When Pete Guinn went to Australia to find his missing sister, he left behind the woman he loved. In the city he once called home, panic and chaos arrive long before the living dead. As South Bend burns to the ground, Olivia flees, seeking safety in the remote woods of Michigan. But the backwoods are no safer than the outback, and nowhere is remote enough to escape the horrors of the living dead.

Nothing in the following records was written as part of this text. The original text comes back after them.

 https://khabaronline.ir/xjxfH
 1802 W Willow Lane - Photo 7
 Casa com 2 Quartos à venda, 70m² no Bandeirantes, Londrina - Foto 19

With global communications systems fractured, Pete Guinn and his sister, Corrie, are a small part of a large effort to re-establish contact between the forces still fighting the undead. As they journey east across Canada, they instead find the frontline. An army is being formed out of Canadians and refugees from the United States, out of retirees, reservists, and conscripts. Night and day, a war is waged against an enemy that doesn’t tire or retreat, ask for quarter or offer it. But victory is in sight. The undead can be defeated. As long as the supply lines are maintained. As long as the ultimate sacrifice is selflessly made again and again. As long as the worst of the apocalypse is behind them. But though the apocalypse has begun, the reckoning is still to come.
Set in Canada and the U.S. Midwest, continuing the story of the survivors in the Pacific, which began in Outback Outbreak, No More News is a story of love and war as the apocalypse tears our world apart.
Table of Contents
27th February
The Apocalypse So Far
Part 1: Hell Comes to South Bend
20th February
Chapter 1: The End of Dreams
Chapter 2: Old Dates and Dead Friends
Chapter 3: Impatient Inpatients
21st February
Chapter 4: A New Dawn, an Old Problem
Chapter 5: Old Boss, No Boss
Chapter 6: By Dawn’s Glaring Light
Chapter 7: Breaking the Law
Chapter 8: Trooper State
22nd February
Chapter 9: Win or Lose, You Can’t Beat a House
23rd February
Chapter 10: No One’s Special
Part 2: A Crazy Thing Called Love
27th February
Chapter 11: Air-Drea
Chapter 12: Who Cares About Anthrax?
28th February
Chapter 13: Shallow Thoughts
Chapter 14: Lake Michigan
Chapter 15: The Long Walk to Indiana
Chapter 16: Bodies in the Woods
1st March
Chapter 17: Other People’s Expectations
Chapter 18: U-Call, We Carry
Chapter 19: One Dream at a Time
Chapter 20: Escaping the Past
Part 3: The War for Humanity
2nd March
Chapter 21: A Canadian Quarantine
3rd March
Chapter 22: A Change of Direction
4th March
Chapter 23: Apocalyptic Dating
Chapter 24: The Destruction of Notre Dame (24th February)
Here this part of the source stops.